● **PROBLEM REQUIREMENTS**
Quote every line below exactly and skip any picture.

● **DATA PROVIDED**
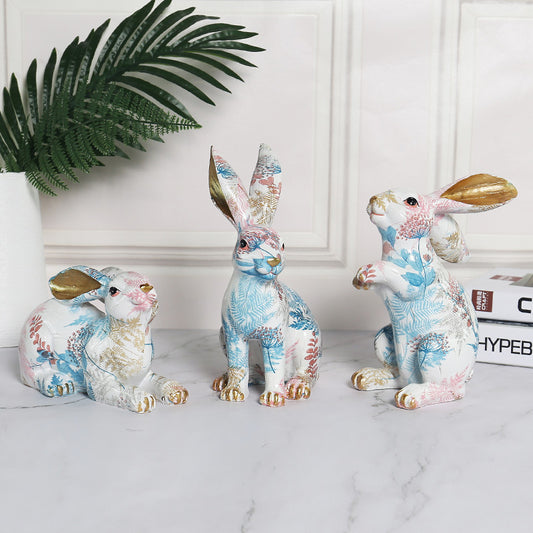 Nordic Painted Jade Rabbit Ornaments Soft Dress Model Room Cute Rabbit Resin Ornaments Living Room Creative Gift Crafts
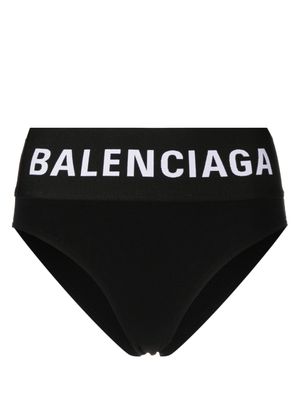 Balenciaga culotte taille haute à bande logo - Noir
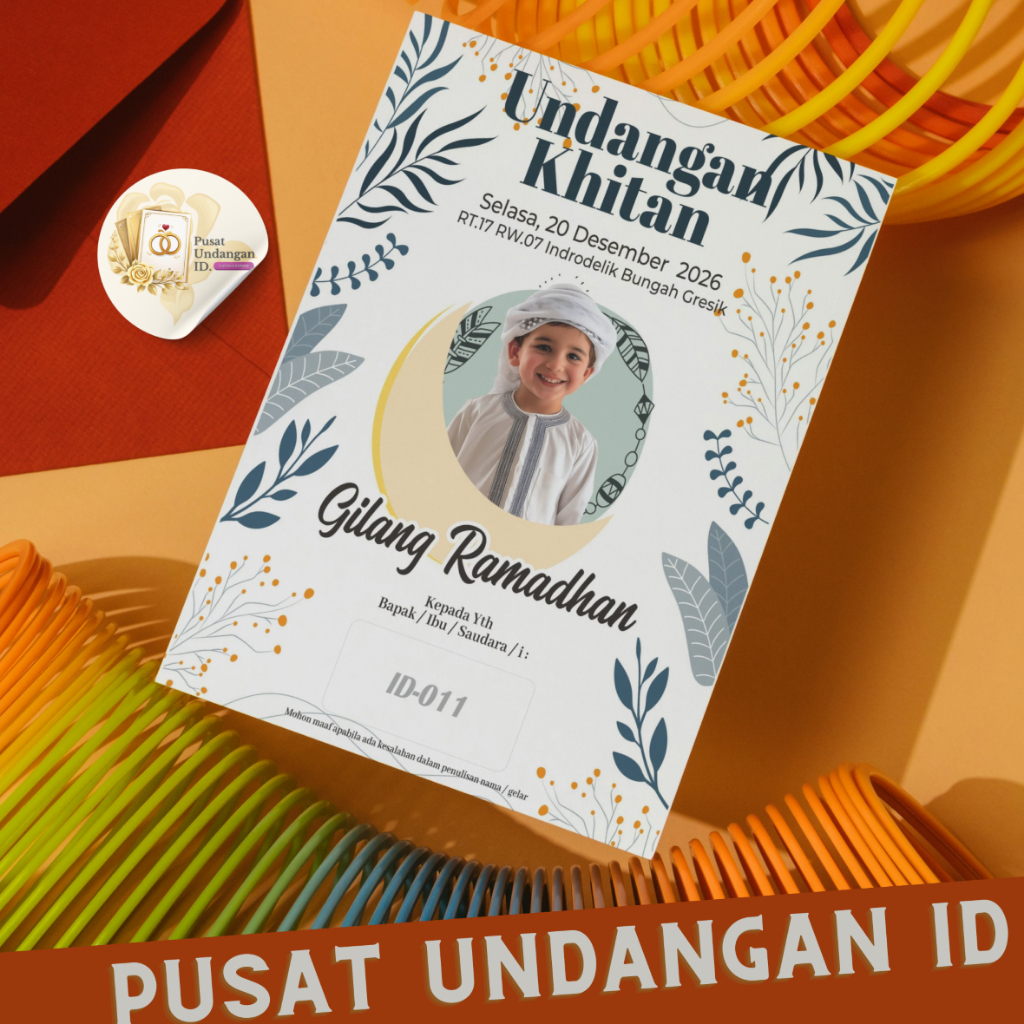 UNDANGAN KHITAN / TASYAKURAN KHITAN / KARTU UNDANGAN PHOTO / UNDANGAN PREMIUM ID-011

● **TASK SOLUTION**
 Nordic Painted Jade Rabbit Ornaments Soft Dress Model Room Cute Rabbit Resin Ornaments Living Room Creative Gift Crafts
 Balenciaga culotte taille haute à bande logo - Noir
 UNDANGAN KHITAN / TASYAKURAN KHITAN / KARTU UNDANGAN PHOTO / UNDANGAN PREMIUM ID-011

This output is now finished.